Goal of the exercise >> From the listing that follows, reproduce only the lines from the one holding "LinkedIn Recommendations" through the one holding "Kaarthaven van Acapulco", both included, with no pictures.

Provided data >>
▼
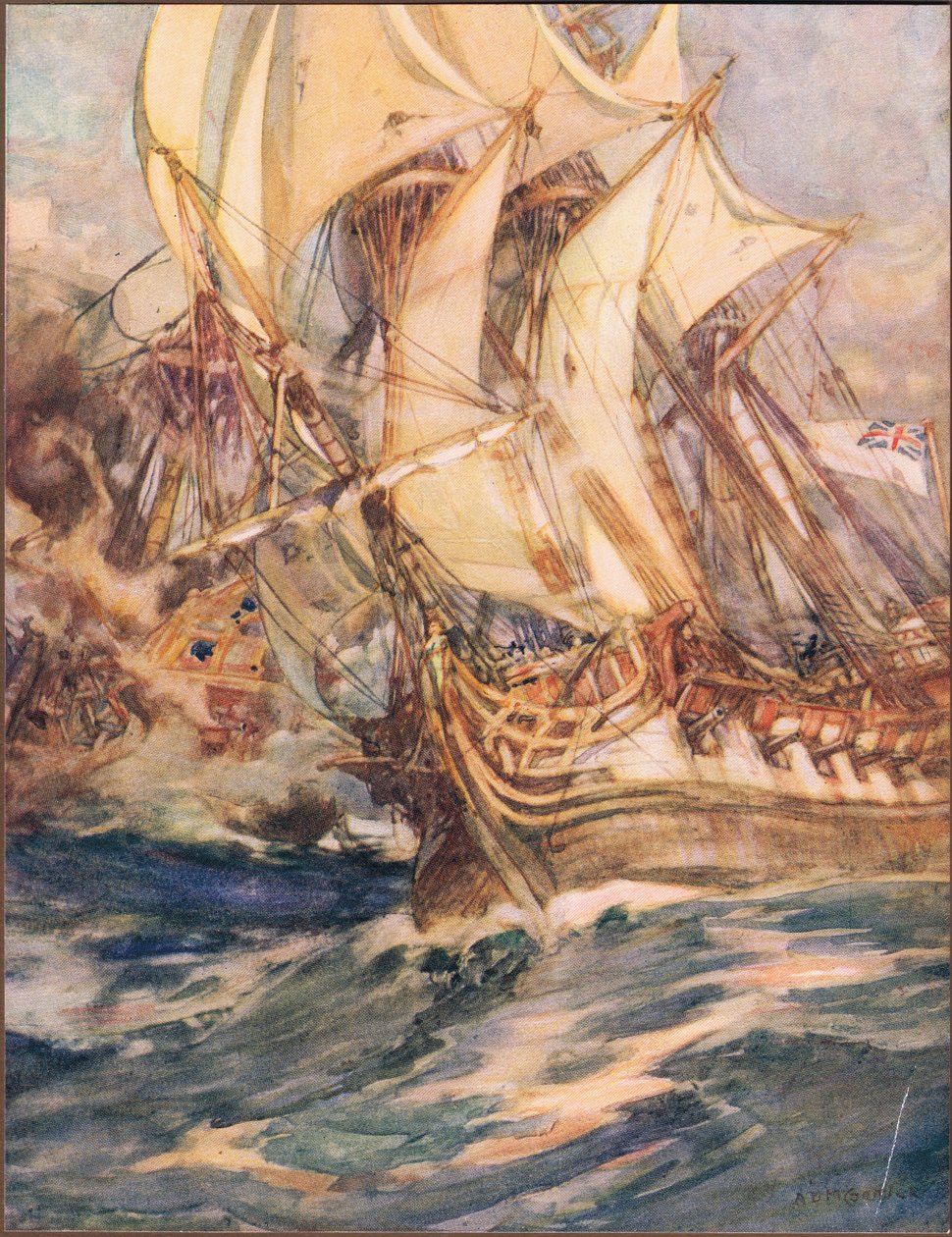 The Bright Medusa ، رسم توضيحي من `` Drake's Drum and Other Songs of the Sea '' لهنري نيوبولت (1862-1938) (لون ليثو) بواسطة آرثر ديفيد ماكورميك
▲
▼
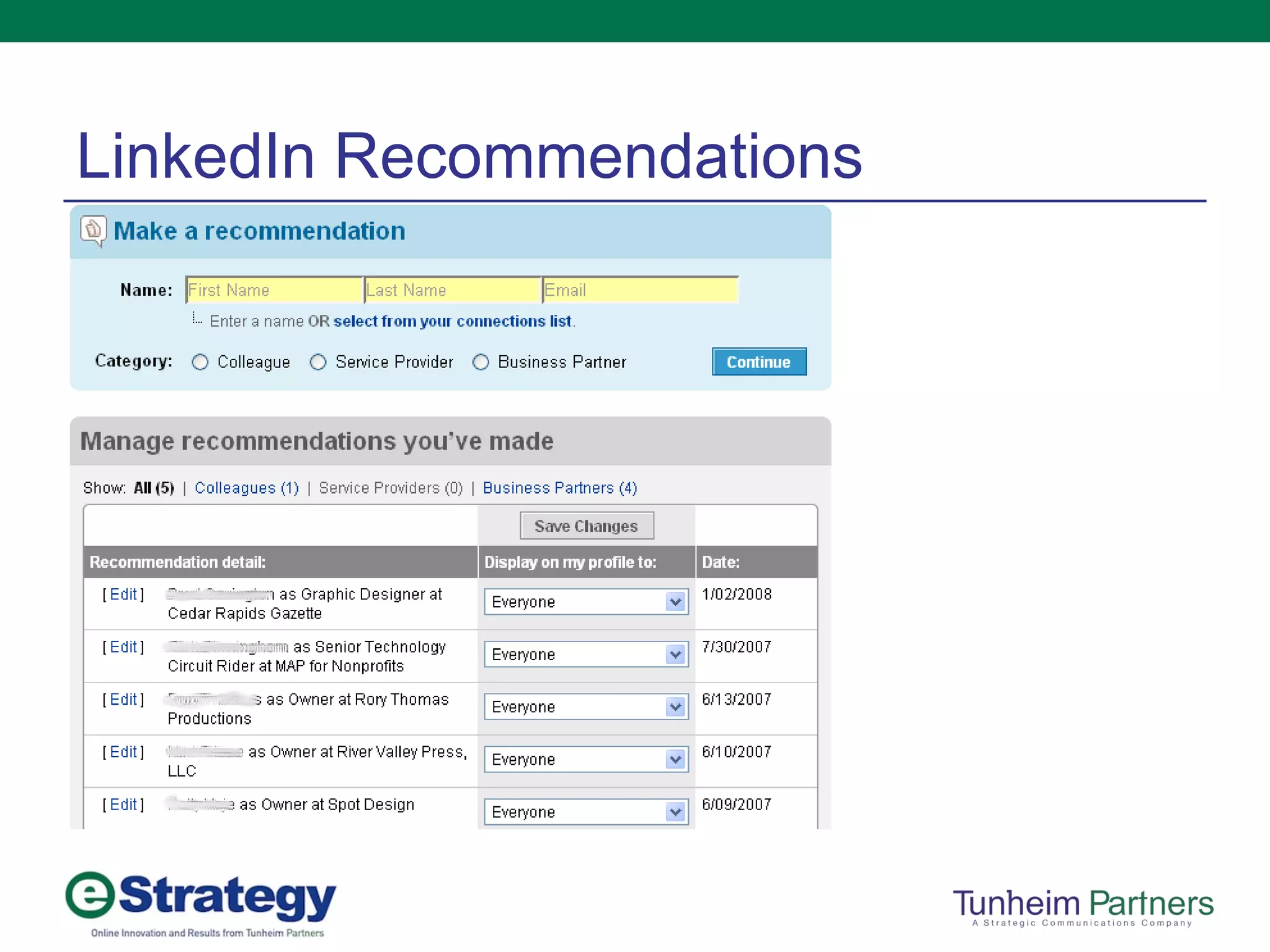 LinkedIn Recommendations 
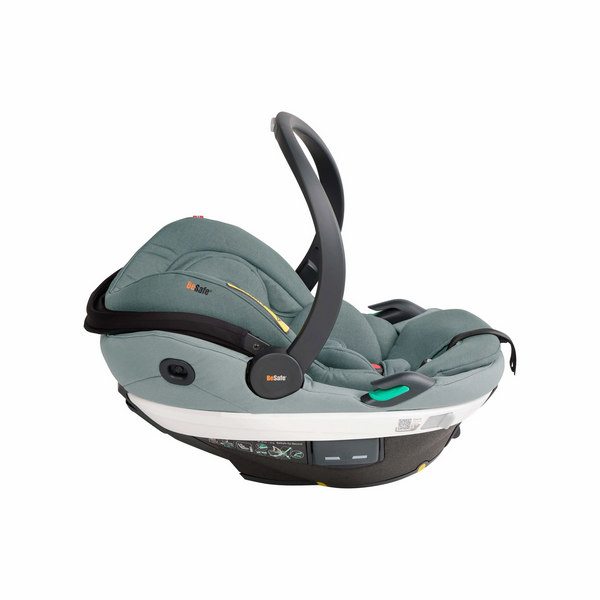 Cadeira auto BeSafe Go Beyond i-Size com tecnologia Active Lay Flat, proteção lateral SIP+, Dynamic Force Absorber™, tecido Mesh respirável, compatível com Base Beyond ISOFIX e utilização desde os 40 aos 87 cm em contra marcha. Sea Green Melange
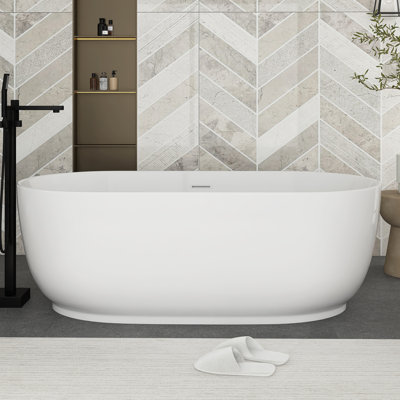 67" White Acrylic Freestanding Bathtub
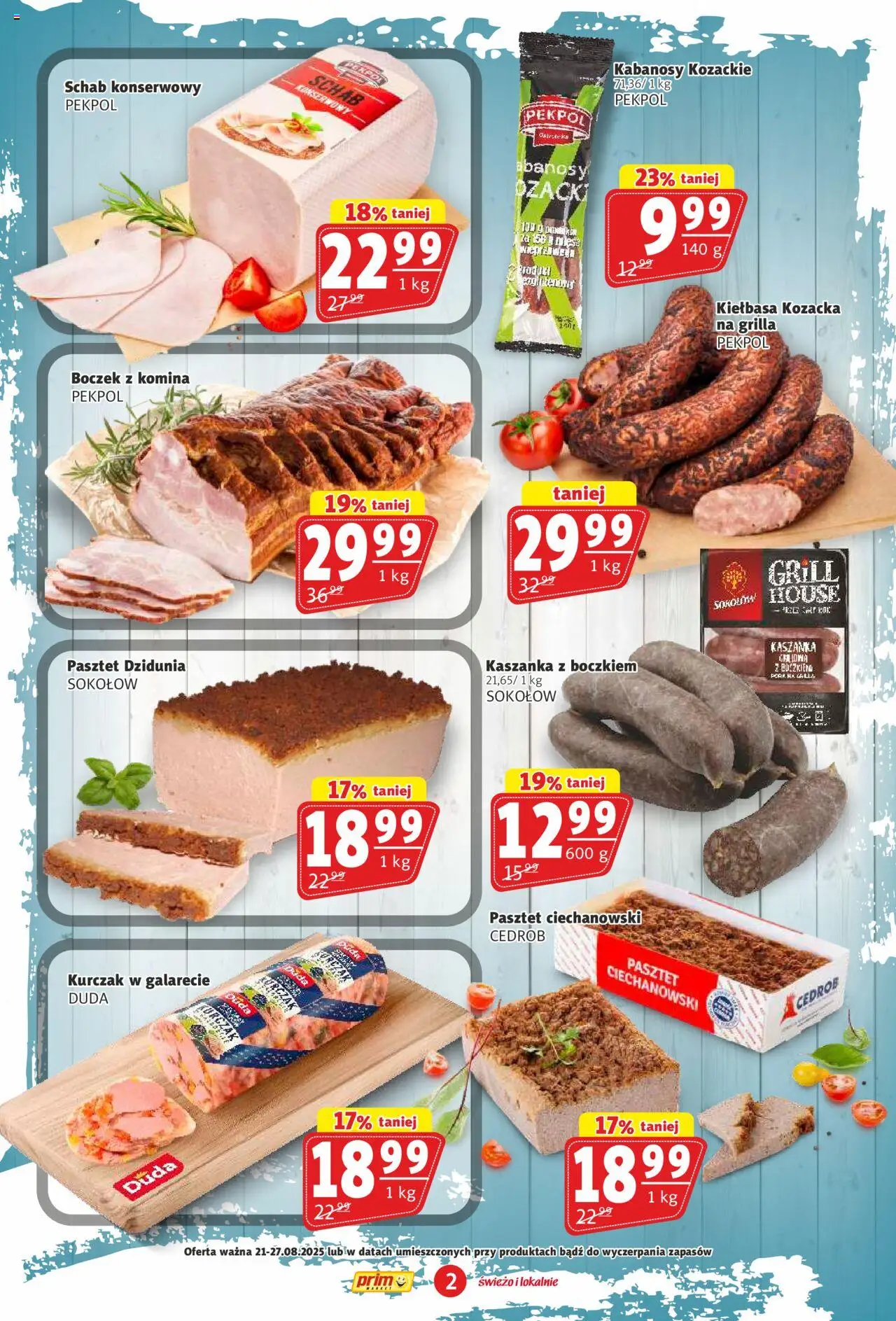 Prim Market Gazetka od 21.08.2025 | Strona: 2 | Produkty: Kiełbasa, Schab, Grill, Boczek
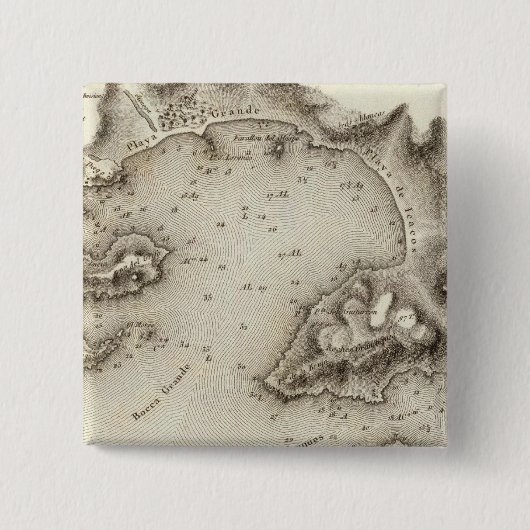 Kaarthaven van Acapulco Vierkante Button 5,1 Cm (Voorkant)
▲
Response for this exercise >>
 LinkedIn Recommendations 
 Cadeira auto BeSafe Go Beyond i-Size com tecnologia Active Lay Flat, proteção lateral SIP+, Dynamic Force Absorber™, tecido Mesh respirável, compatível com Base Beyond ISOFIX e utilização desde os 40 aos 87 cm em contra marcha. Sea Green Melange
 67" White Acrylic Freestanding Bathtub
 Prim Market Gazetka od 21.08.2025 | Strona: 2 | Produkty: Kiełbasa, Schab, Grill, Boczek
 Kaarthaven van Acapulco Vierkante Button 5,1 Cm (Voorkant)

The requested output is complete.